На сцену вышел еще один мужчина. Высокий, крепко скроенный, со светло-каштановыми волосами, бородой и усами, которые были так тщательно уложены и подстрижены, что на расстоянии казались просто нарисованными на лице. Его манера держаться – и весь решительный вид – соответствовали голосу по телефону. В нем было достоинство уверенного в себе человека, и, когда он заговорил, его голос разнесся по залу театра и смолк в темных углах. Клэр уселась попрямее. Если и был в этой пьесе волшебник, то это, определенно, Рэнди Донован.
Толстяк и женщины слушали его слова с восхищением, и Клэр поняла, что сцена близка к завершению. Через мгновенье все остальные герои ускользнули за кулисы, и Рэнди Донован остался на сцене один, предлагая маленькой аудитории монолог – что-то о магии и общности людей, и о преданности. Клэр не обращала внимания на сами слова, потому что она чувствовала себя потерянной в его присутствии.
Когда Рэнди Донован закончил речь, мужчина и женщина в первом ряду стали аплодировать. Рэнди сошел по лестнице сбоку сцены и что-то коротко им сказал, прежде чем посмотреть в направлении Клэр. Подняв плащ и холщовую сумку, которые лежали на краю сцены, он двинулся к ней, проскользнул на ее скамью и протянул руку.
– Вы, наверное, Клэр?
Она привстала, чтобы пожать ему руку. Что-то знакомое было в его облике, в ясных синих глазах. Его окутывал запах трубочного табака, приятный и довольно сильный. Она чувствовала себя с ним так, как будто знала его раньше.
– Да, Клэр – это я, – сказала она. – Вы были великолепны.
– Благодарю.
Он жестом попросил ее снова сесть, а потом и сам уселся.
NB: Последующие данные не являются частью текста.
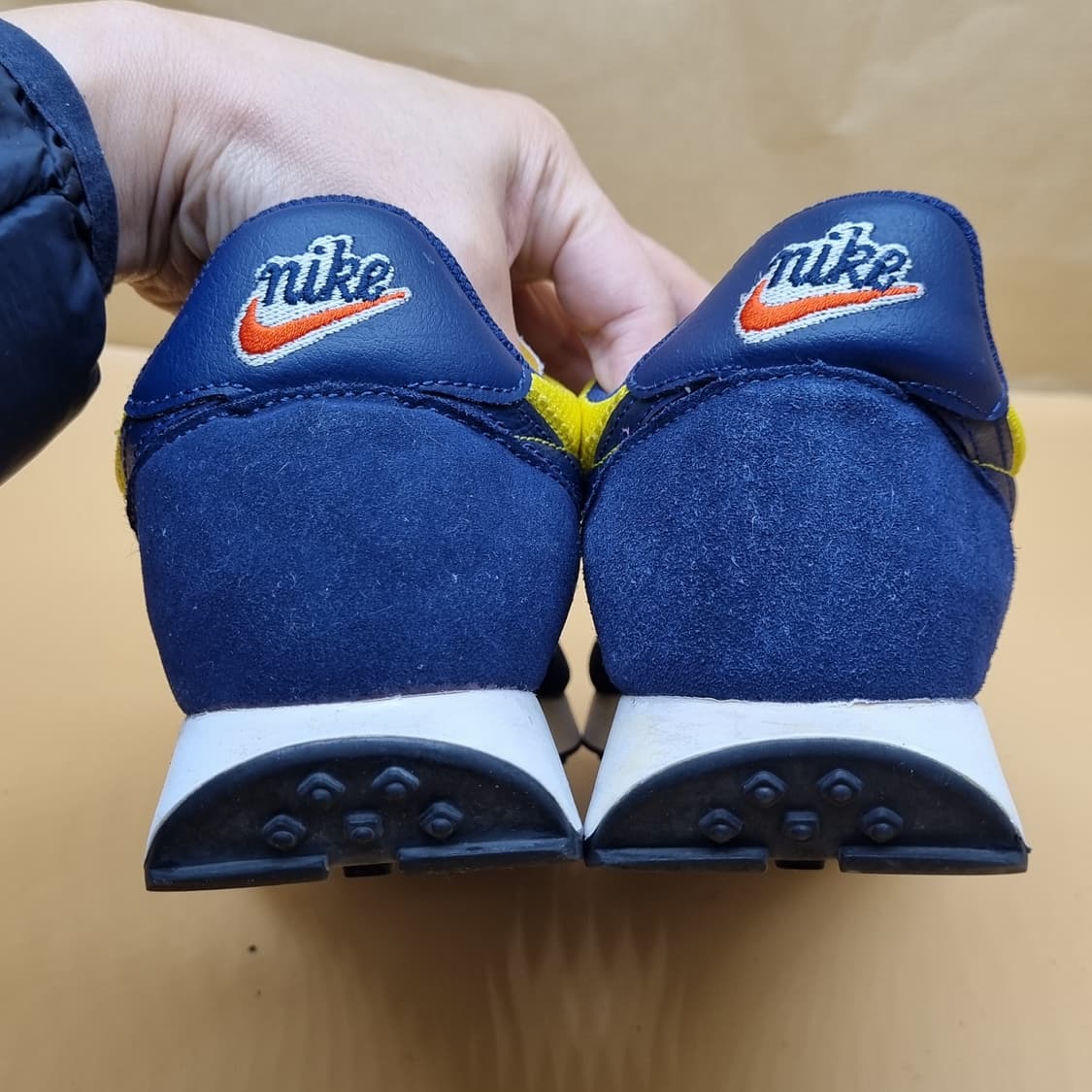 나이키 테일윈드79 네이비옐로우 260. 상품이미지4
Положив свой плащ на спинку скамьи перед собой, он смахнул с темной шерсти невидимую пылинку, прежде чем открыть холщовую сумку на коленях.
– Мне необходим кофе, – сказал он, вытягивая зеленый термос и две пластиковые чашки из сумки. – У меня есть лишняя чашка. Из нее никто не пил. Не хотите присоединиться?
– Да, – сказала она.
Он налил им по чашке очень сильно разбавленного сливками кофе.
– Простите, – сказал он, протягивая одну чашку ей. – Тут почти половина сливок. Мне так больше нравится.
Она охватила чашку обеими руками, согревая о нее свои ладони, и глотнула слабый кофе с чувством большого облегчения, которое было неожиданно для нее и очень приятно.
Она подумала, что ей следовало бы начать с небольшого, ничего не значащего разговора, а не сразу начинать задавать ему вопросы о том, что ей хотелось бы знать.
– И давно это стало театром? – спросила она.
– Лет десять. – Он посмотрел на арочный потолок, белизну которого пересекали темные балки. – Само здание было построено в начале девятнадцатого века. – Он сместил свой взгляд с потолка и начал разглядывать ее. – Ну,– сказал он, – вы выглядите совершенно нормальной.
Она рассмеялась.
– Что вы хотите этим сказать?
– Я хочу сказать, что Марго – моя родная сестра, но я не думаю, что у меня хватило бы выдержки висеть на краю моста в снегопад, пытаясь спасти ее. Я представлял вас эдакой суперженщиной со стальными мускулами или человеком, у которого не все дома.
– Ну, мне только хотелось остановить ее.
– Вы были обречены на неудачу, – сказал он со вздохом. – Давным-давно мне пришлось признать одно: Марго спасти уже нельзя. К сожалению, она достаточно хорошо понимала, какое пустое существование влачит. Жизнь, должно быть, стала для нее невыносима. Я на самом деле не виню ее за то, что она захотела положить всему этому конец.